Range to output from the entries below: the line containing "Scales of Antiquity: Prehistoric" through the line containing "Men's 511 Dark". Set it down exactly, ends included, nothing else.

Data entries:

....

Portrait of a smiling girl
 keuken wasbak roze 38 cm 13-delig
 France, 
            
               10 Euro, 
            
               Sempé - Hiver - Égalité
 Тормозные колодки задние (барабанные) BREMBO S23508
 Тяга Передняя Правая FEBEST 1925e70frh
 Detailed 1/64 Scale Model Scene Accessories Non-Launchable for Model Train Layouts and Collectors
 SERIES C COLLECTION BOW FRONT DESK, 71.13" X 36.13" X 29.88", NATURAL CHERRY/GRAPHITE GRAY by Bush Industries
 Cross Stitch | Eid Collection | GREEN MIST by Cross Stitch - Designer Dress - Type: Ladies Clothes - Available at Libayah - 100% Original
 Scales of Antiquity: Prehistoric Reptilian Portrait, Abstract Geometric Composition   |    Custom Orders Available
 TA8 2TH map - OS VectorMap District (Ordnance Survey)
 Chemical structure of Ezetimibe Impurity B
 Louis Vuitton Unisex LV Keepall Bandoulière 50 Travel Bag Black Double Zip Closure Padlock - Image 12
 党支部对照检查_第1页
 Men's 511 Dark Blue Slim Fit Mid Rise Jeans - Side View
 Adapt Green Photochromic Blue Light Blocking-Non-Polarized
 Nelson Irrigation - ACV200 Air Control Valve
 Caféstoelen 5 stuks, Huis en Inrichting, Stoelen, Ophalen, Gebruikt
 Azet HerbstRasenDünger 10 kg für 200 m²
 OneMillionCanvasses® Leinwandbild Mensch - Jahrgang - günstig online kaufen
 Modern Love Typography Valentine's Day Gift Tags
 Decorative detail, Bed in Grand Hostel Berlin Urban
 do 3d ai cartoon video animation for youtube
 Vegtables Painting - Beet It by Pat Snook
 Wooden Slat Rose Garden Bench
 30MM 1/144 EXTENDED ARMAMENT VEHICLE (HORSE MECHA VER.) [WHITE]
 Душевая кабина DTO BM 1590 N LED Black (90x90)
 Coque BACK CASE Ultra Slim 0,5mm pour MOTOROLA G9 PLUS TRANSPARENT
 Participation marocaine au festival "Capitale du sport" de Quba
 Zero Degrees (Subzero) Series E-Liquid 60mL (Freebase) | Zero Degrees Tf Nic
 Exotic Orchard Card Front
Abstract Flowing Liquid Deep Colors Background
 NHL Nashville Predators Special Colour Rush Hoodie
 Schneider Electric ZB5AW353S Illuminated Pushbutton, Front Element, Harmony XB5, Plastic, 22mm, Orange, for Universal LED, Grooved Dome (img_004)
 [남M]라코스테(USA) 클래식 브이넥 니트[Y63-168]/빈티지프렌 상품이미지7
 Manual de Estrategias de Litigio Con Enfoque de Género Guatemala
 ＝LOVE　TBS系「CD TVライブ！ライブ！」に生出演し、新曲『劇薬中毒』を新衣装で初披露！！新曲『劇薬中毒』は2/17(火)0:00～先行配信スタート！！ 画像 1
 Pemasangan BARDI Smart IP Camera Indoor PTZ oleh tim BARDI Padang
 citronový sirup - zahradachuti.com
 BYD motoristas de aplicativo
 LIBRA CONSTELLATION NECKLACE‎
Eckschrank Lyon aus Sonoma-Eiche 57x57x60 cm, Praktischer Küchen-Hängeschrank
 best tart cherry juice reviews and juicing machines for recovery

....

#### Response to the exercise
 Scales of Antiquity: Prehistoric Reptilian Portrait, Abstract Geometric Composition   |    Custom Orders Available
 TA8 2TH map - OS VectorMap District (Ordnance Survey)
 Chemical structure of Ezetimibe Impurity B
 Louis Vuitton Unisex LV Keepall Bandoulière 50 Travel Bag Black Double Zip Closure Padlock - Image 12
 党支部对照检查_第1页
 Men's 511 Dark Blue Slim Fit Mid Rise Jeans - Side View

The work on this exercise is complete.